## BRIEF
All of the data below should be repeated exactly. Pictures should not be included.

## AVAILABLE RECORDS
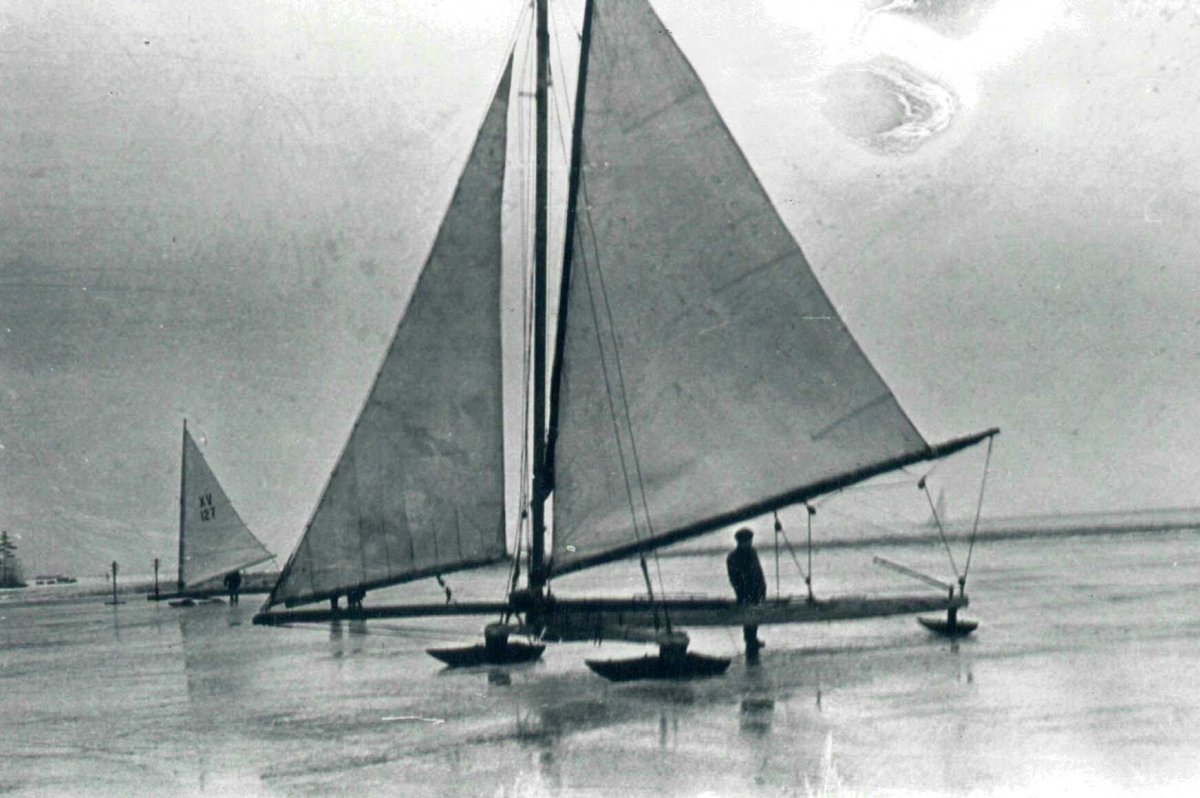 Парусный колесный буер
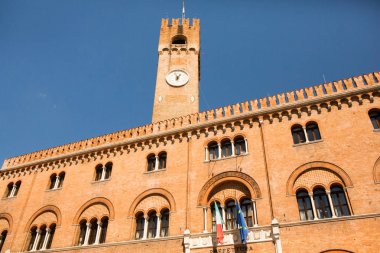 Treviso, İtalya 06 Mayıs 2019: İtalya'nın kuzeyindeki Veneto eyaletine bağlı Treviso kasabası. Treviso, İtalya'da Venedik mimarisi.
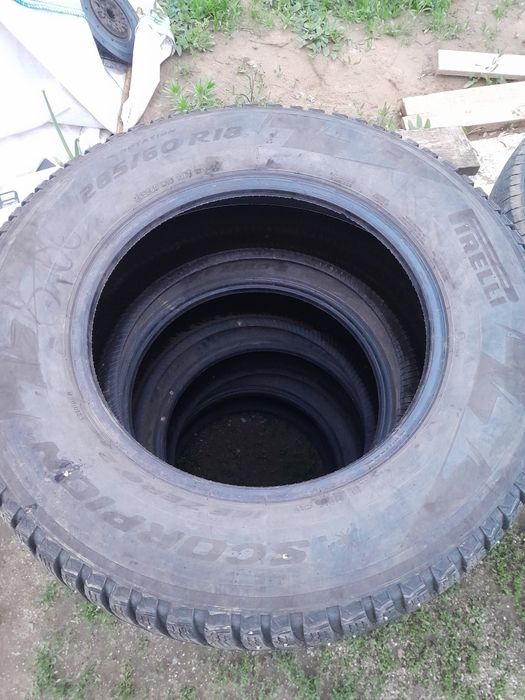 Резина зимняя 285х60х18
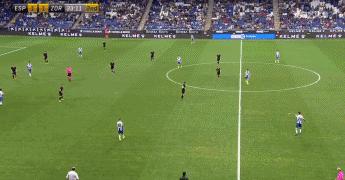 这次中国足球是不是全靠武磊,武磊全场最低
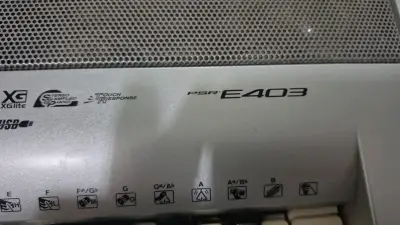 Teclado Yamaha PSR-E403 con pantalla LCD - miniatura 3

## ANSWER BOX
 Парусный колесный буер
 Treviso, İtalya 06 Mayıs 2019: İtalya'nın kuzeyindeki Veneto eyaletine bağlı Treviso kasabası. Treviso, İtalya'da Venedik mimarisi.
 Резина зимняя 285х60х18
 这次中国足球是不是全靠武磊,武磊全场最低
 Teclado Yamaha PSR-E403 con pantalla LCD - miniatura 3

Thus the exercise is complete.